ELWOOD WRITERS MEETING 31ST JANUARY 2017

‘What is written without effort is in general read without pleasure.’
Samuel Johnson

It was another lively session at Elwood Writers, especially with world events as they are. We discussed the group goals for 2017, including our planned soiree in August where we will read from our own work. As the group prepares to attend Adelaide Writers’ Week in March, we looked at the possibility of designing individual business cards that reflect our status as members of Elwood Writers.

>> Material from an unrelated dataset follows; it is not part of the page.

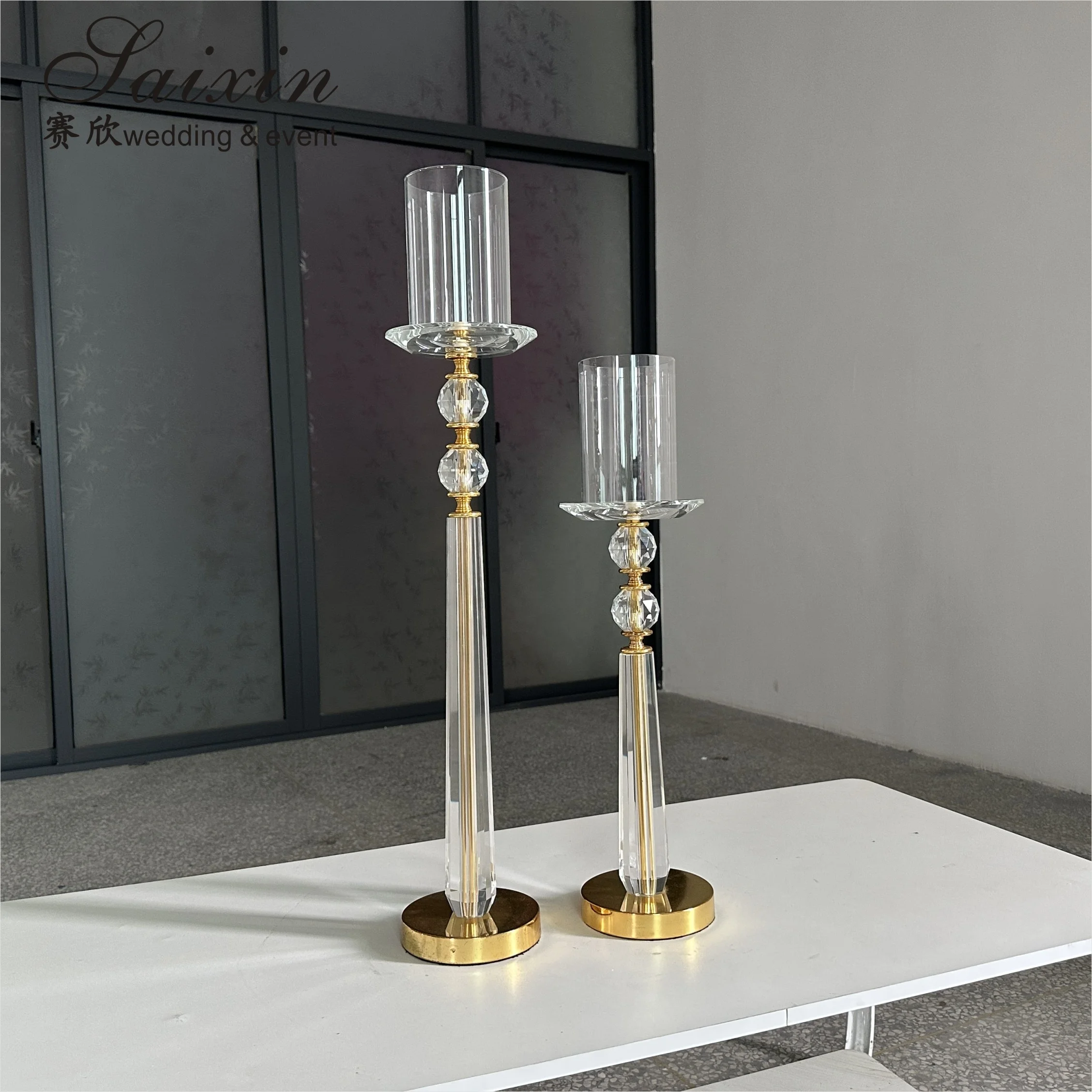 New Design Set Gold Candle Holder Stand Metal Wedding Decoration Supplies Centerpieces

In the past fortnight, Margaret attended Lee Kofman’s Introduction to Memoir: Telling the Emotional Truth. Lee reminded the class that memoir is always about memory, it is always told from your point of view, and is not so much about what happens to you as it is about ‘what you make of it’. She emphasized that the narrator must always be specific in their writing, that is give details. When asked about the importance of telling the emotional truth in memoir, she said, to paraphrase Samuel Johnson: ‘Books that don’t do any harm don’t give any pleasure.’

In the workshopping sessions, Margaret read a piece from her memoir that is currently ‘placeless’ (as Lee would say) in her narrative, but important to it. Jennifer is preparing her first contribution to a short-story writing online class that she has enrolled in. Her story is most topical and we await the class feedback. Barry read a piece of fiction he intends submitting to a literary journal. Helen presented a new poem written ‘off the cuff’ in a poetry class she attended. We look forward to hearing more about this at our next session.

Radio Times

On Vision Australia Radio later this week, 2 programs featuring the work of the Elwood Writers will be rebroadcast for the Best Of Cover To Cover:

Mothers can be heard again on Thursday 29 December at 12:00 p.m.
Starting Over can be heard again on Friday 30 December at 12:00 p.m.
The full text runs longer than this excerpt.